A défaut de mots et de contacts physiques, restent les images: son père, qui avait reçu un Leica de son grand-père maternel, était photographe de métier, propriétaire d’un magasin – une espèce disparue. Hériter du silence s’ouvre par la description attentive des gestes de Pierre dans le labo de développement de la salle de bains – le voilà, son langage à lui. «La dernière transformation, celle qui consiste à passer de l’image aux mots, celle qui consacre l’image dans son contexte, historique et émotionnel, me manquera toujours», note Mathieu. A lui, dès lors, de faire parler les photos. Feuilletant les albums de famille d’où surgissent, poignantes, les années 1960 à 1980, il tente de substituer aux blancs du récit le discours des images.

Paradoxalement, son père y figure rarement puisqu’il est derrière l’objectif: il lui faudra contourner cette absence, interpréter son regard, pour se réapproprier une histoire. Ce délicat exercice fait surgir d’autres protagonistes: la mère Aline, les grands-parents des deux côtés, les oncles et tantes… Se dessine peu à peu le tableau de l’enfance de Pierre, marquée par une mère inadéquate: artiste peintre, dépressive, Murielle cache un douloureux secret et ne parvient pas à s’occuper de ses enfants. Engouffrés dans cette faille ancienne, les mots sont devenus dangereux. Le silence instaure une distance, une barrière de protection, il est une «matière invisible mais dense qui te mettrait, espérais-tu peut-être, hors d’atteinte du mal», comprend Mathieu.
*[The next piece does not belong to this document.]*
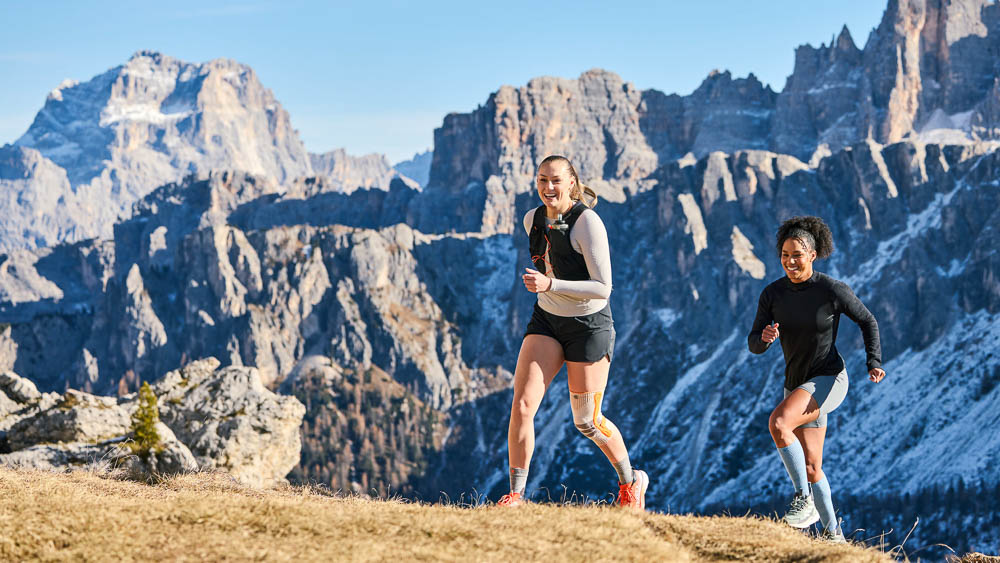 Two female runners train together on an open mountain ridge with a wide view of a rocky alpine landscape. One athlete wears an outdoor compression knee support. The image captures motion and outdoor performance.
Dans son exercice de réconciliation, Mathias Howald – par ailleurs membre du collectif d’écriture lausannois Caractères mobiles – relie aussi ce silence hérité à une époque et une culture où parler de soi n’était pas courant. Son récit d’une grande finesse, s’il est parfois un peu trop explicite, déborde ainsi l’intime pour toucher plus largement. C’est aux fils qu’échoie aujourd’hui la tâche de renouer avec la parole, avec sa puissance. Retrouvée, offerte, elle permettra à Mathieu de «refaire l’itinéraire des larmes». Et il n’est pas anodin que la première fois qu’il pleure son père, c’est face au brouillon du poème que celui-ci a écrit pour sa naissance.

 

Mathias Howald, Hériter du silence, Ed. d’autre part, 2018, 183 pp.